Weighted Least Squares Estimation of a Stationary Linear System

I figured I’d kind of skip over this variant in the least squares estimator, after all, my goal is to talk about all the stepping stones to get to the Kalman filter, and I’m a little impatient, but I like talking about the weighted least squares estimator because it shows that even if some of our measurements are less reliable than others we should never discard them. If we continue to run with the beat to death example of a resistor, let’s now assume we are using a couple different multimeters to make measurements, one that is really expensive and calibrated, and one that’s been purchased from Amazon for 10 dollars.

The above scenario essentially boils down to us saying we have more faith in one measuring device than the other, but how do we represent this in a mathematically meaningful way? With statistics!
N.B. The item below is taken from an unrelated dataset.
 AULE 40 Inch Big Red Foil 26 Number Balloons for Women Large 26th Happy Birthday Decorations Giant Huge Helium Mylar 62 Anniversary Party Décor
Let’s take the same equations from our last little talk about least squares estimation, but modify them now by actually characterizing the noise that we are experiencing. Now, if we assume that the noise for each measurement is zero-mean and independent we can write our expectation and measurement covariance matrix as follows:

\begin{aligned}  1) \displaystyle \qquad E(v_i^2) &= \sigma_i^2 \qquad (i=1, \dotsb, k)\\  R &= E(vv^T) \\  &= diag \left (\sigma_1^2, \dotsb , \sigma_k^2 \right )  \end{aligned}  

We then construct our cost function like we did before, but this time weigh the sum of squares equation by the variance in our measurements. This allows us to place more emphasis on measurements that are less noisy and less emphasis on measurements that are very noisy. This technique of weighing things by how much faith we have in measurements will continue to show up as we discuss “better” estimators. This weighting results in a cost function as follows:

\begin{aligned}  2) \displaystyle \qquad J &= \frac{\epsilon_{y1}^2}{\sigma_1^2} + \dotsb + \frac{\epsilon_{yk}^2}{\sigma_k^2}\\  &= \epsilon_y^T R^{-1} \epsilon_y \end{aligned}  

Honestly, when we carry out the matrix multiplication shown above we get a pretty dumb and long looking equation that I don’t really care to type out, and unless you’re just looking for a proof for a homework assignment it doesn’t matter much. Let’s call it good enough to show that when we again take the partial derivative of our cost function with respect to \hat{x} we arrive at

\begin{aligned}  3) \displaystyle \qquad \hat{x} = \left ( H^TR^{-1}H \right )^{-1}H^TR^{-1}y \end{aligned}  

It goes without saying that since we are inverting R in equation 3 it must be nonsingular, in other words, we have to assume that each of our measurements are affected by at least some amount of noise.

More Examples!

If we return to our example of estimating the resistance of a resistor, we can basically just employ equation 3 directly, which ends up being

\begin{aligned}  4) \displaystyle \qquad \hat{x} &= \left ( H^TR^{-1}H \right )^{-1}H^TR^{-1}y \\  &= \left( \sum \frac{1}{\sigma_i^2} \right )^{-1} \left (\frac {y_1}{\sigma_1^2} + \dotsb + \frac{y_k}{\sigma_k^2} \right ) \end{aligned}  

This time, instead of just the average of measurements our solution becomes the weighted sum of measurements, where each measurement is weighted by the inverse of our uncertainty in that measurement.

Boom.